Drop the pictures and extract exactly the lines from the one that contains "Kia Canival 2021 — photo 16" through the end of the material.

- - - - -

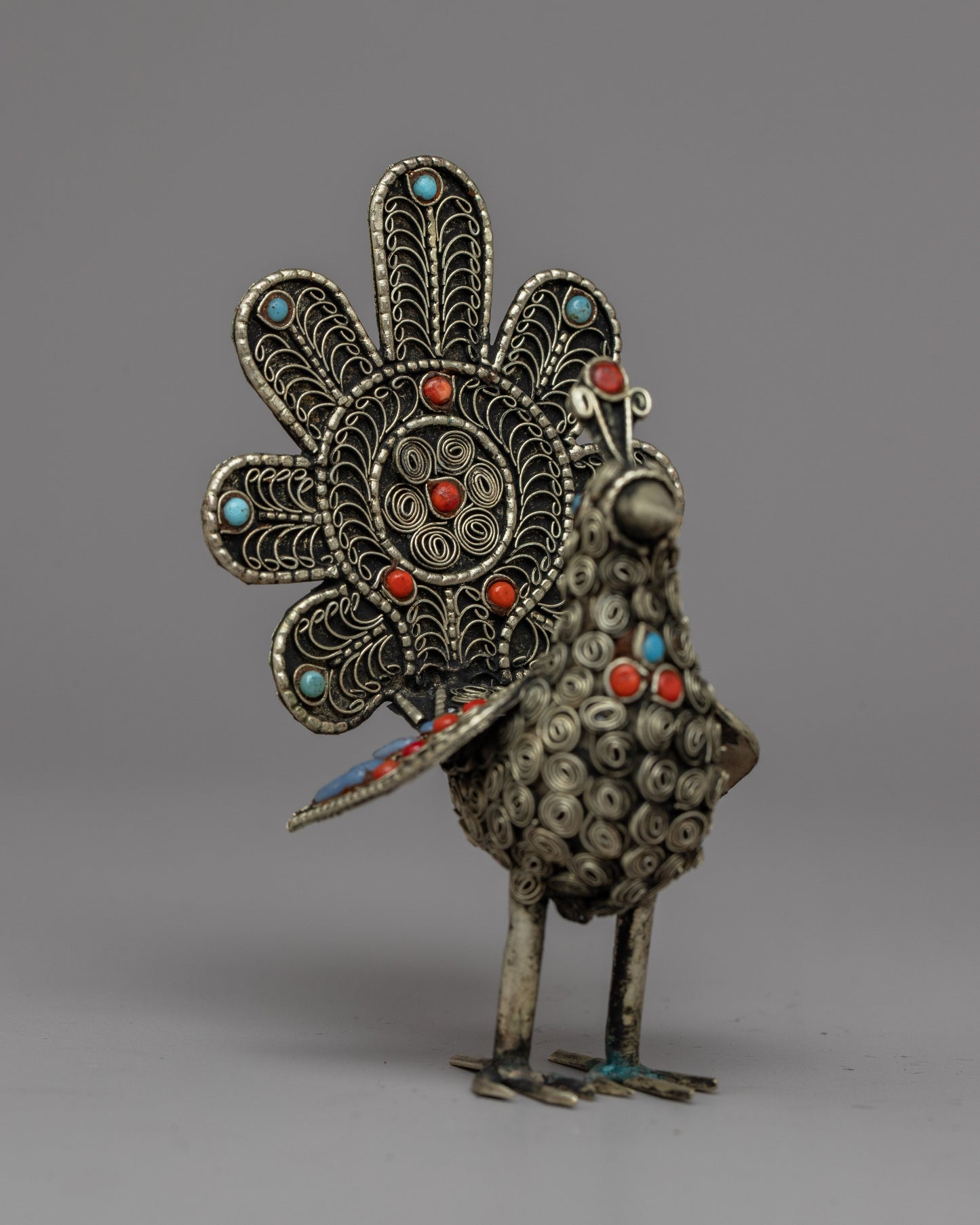 Peacock Couple Statue | Vibrant Peacock Duo for Enthusiasts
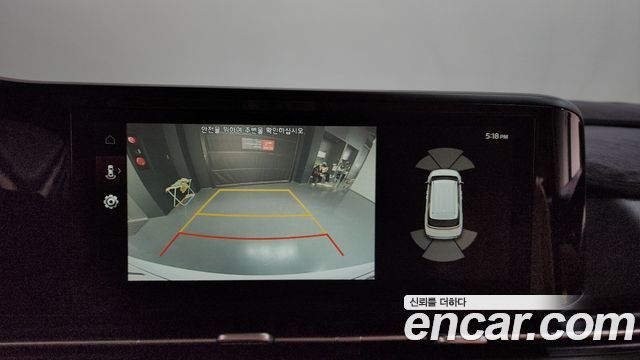 Kia Canival 2021 — photo 16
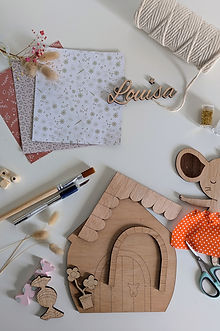 personnalisation de décoration en bois pour enfant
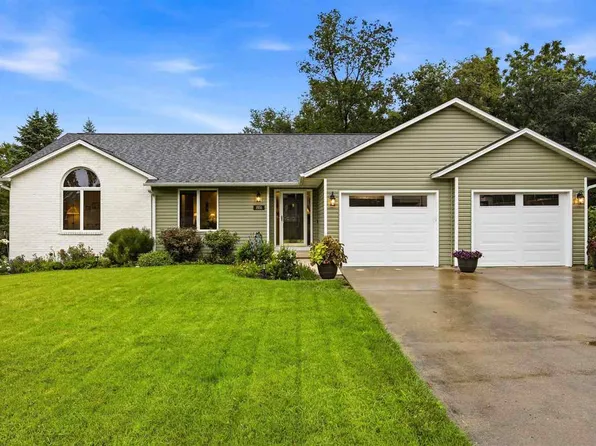1931 Liberty Ln, Coralville, IA 52241
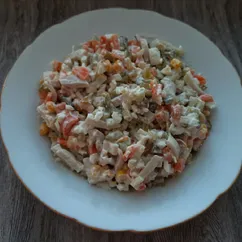 Салат из кальмаров и кукурузы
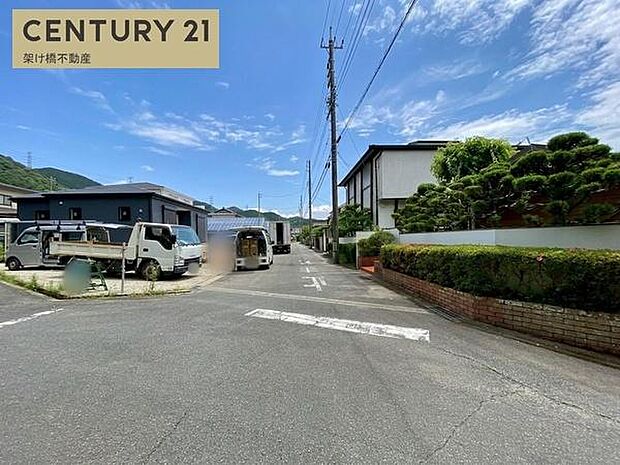 角地です♪南側公道約6ｍ西側公道6ｍあり、日当たり良好♪駐車も楽々です◎
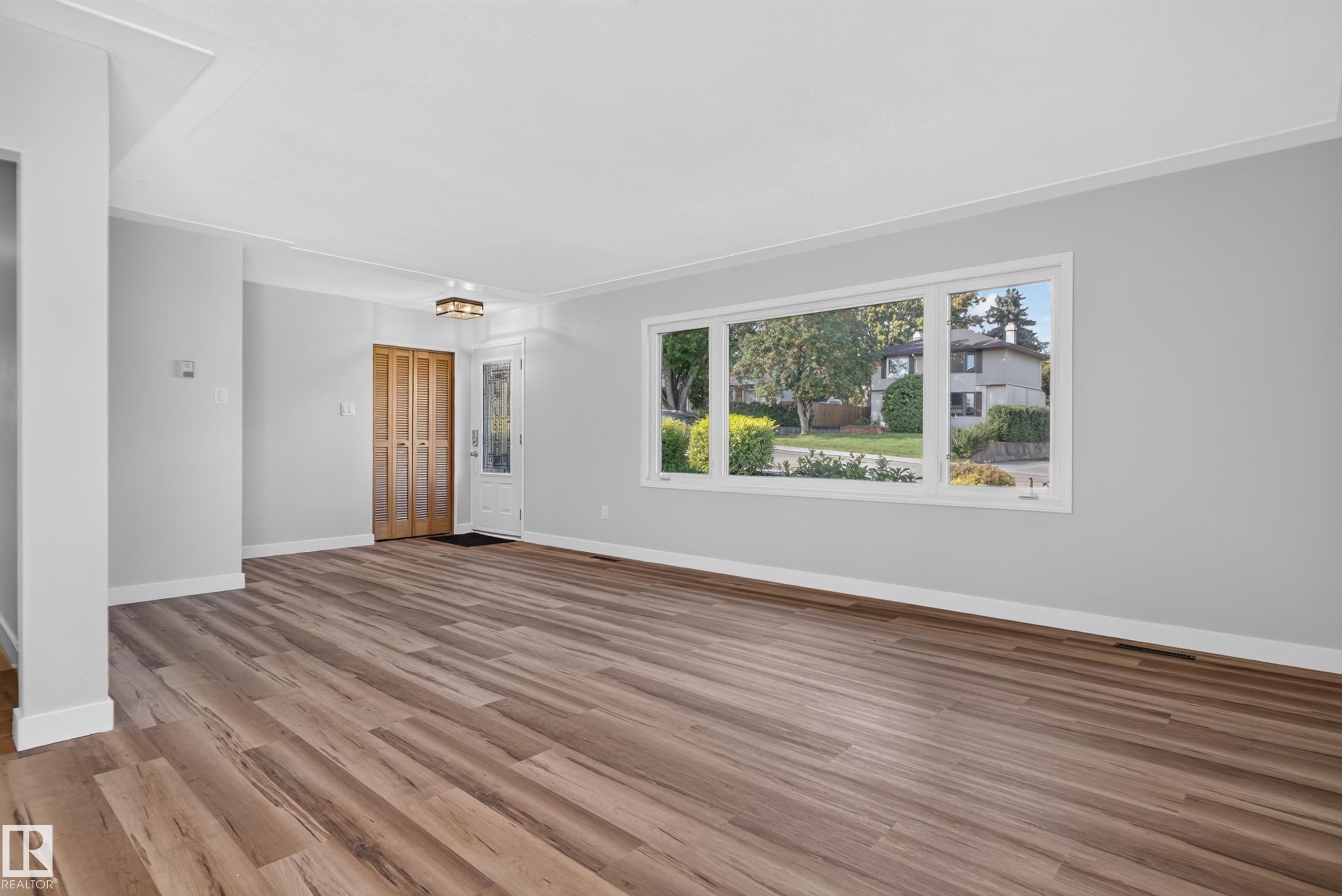 Photo 19 at 10739 52 Street NW, Capilano, Edmonton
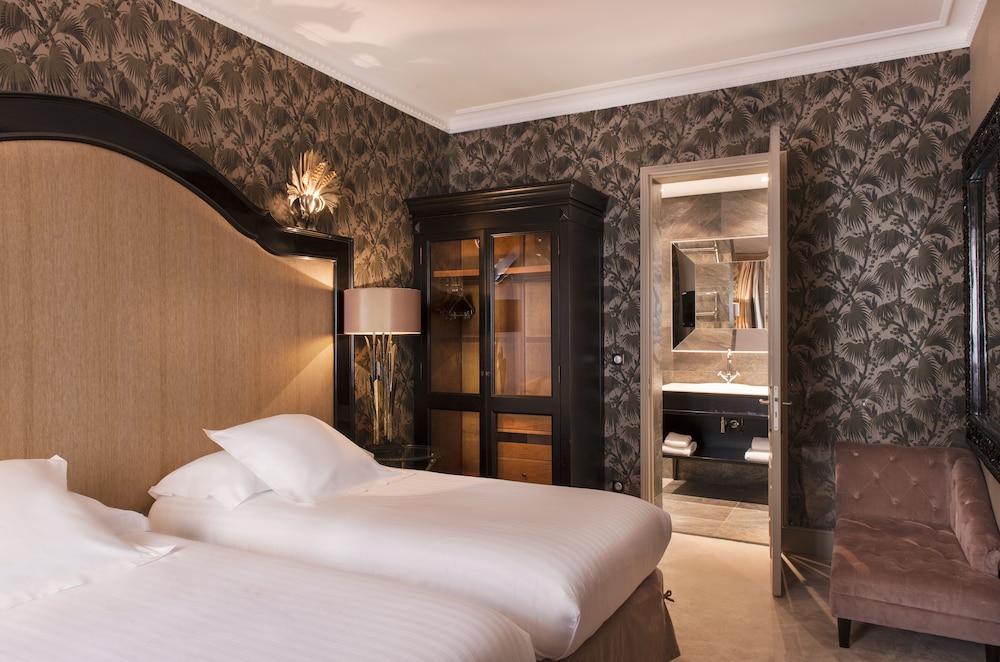 DELUXE, DOUBLE BED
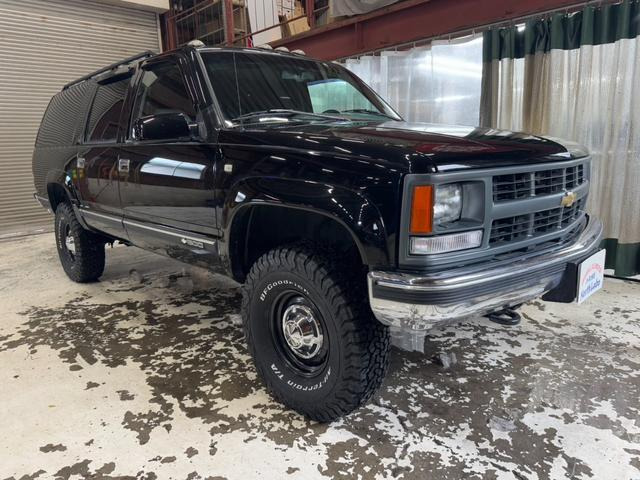 サバーバンLT 4WD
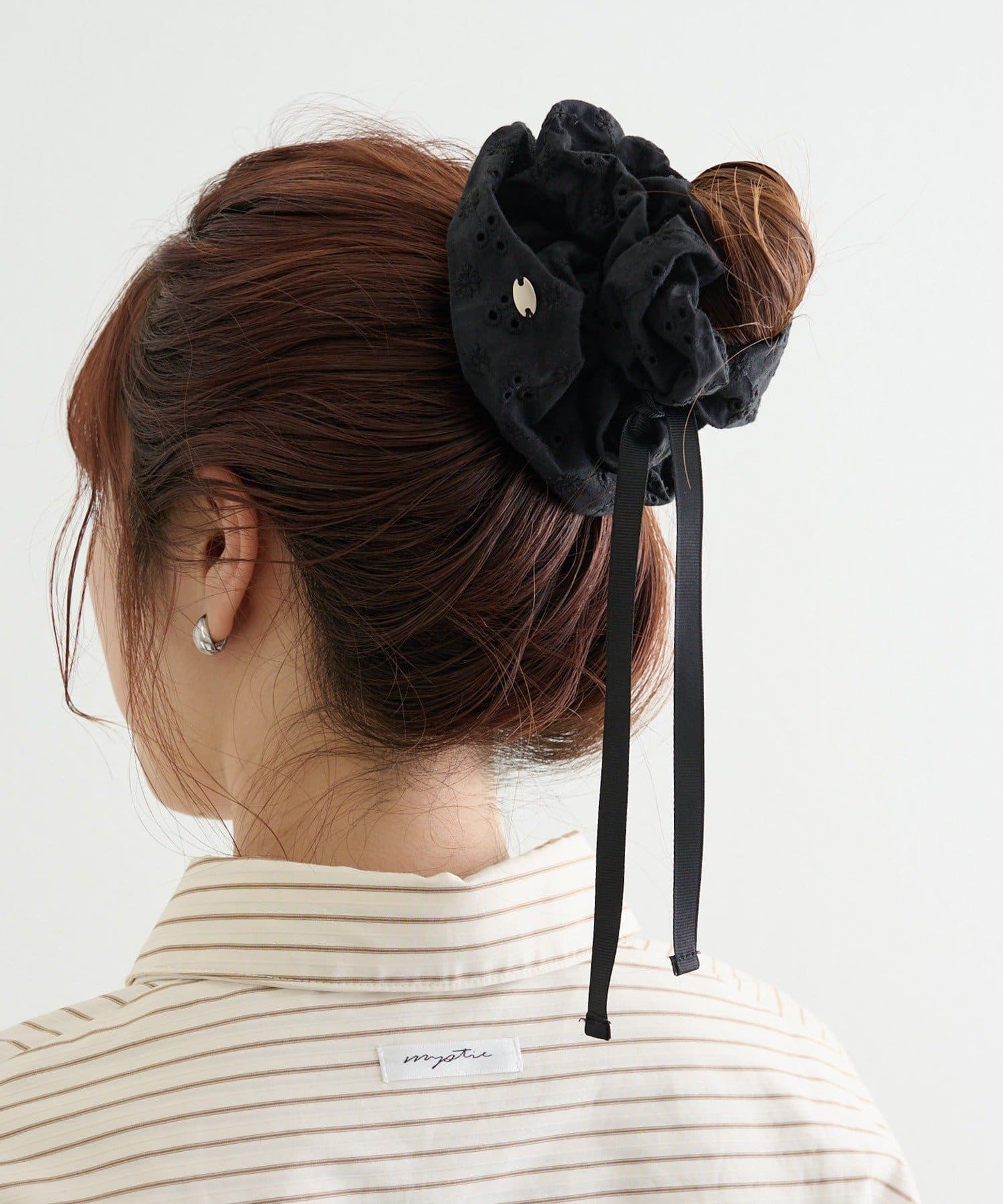 mystic(ミスティック) フラワー刺繍シュシュ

- - - - -

• [ANSWER TO THIS TASK]
 Kia Canival 2021 — photo 16
 personnalisation de décoration en bois pour enfant
1931 Liberty Ln, Coralville, IA 52241
 Салат из кальмаров и кукурузы
 角地です♪南側公道約6ｍ西側公道6ｍあり、日当たり良好♪駐車も楽々です◎
 Photo 19 at 10739 52 Street NW, Capilano, Edmonton
 DELUXE, DOUBLE BED
 サバーバンLT 4WD
 mystic(ミスティック) フラワー刺繍シュシュ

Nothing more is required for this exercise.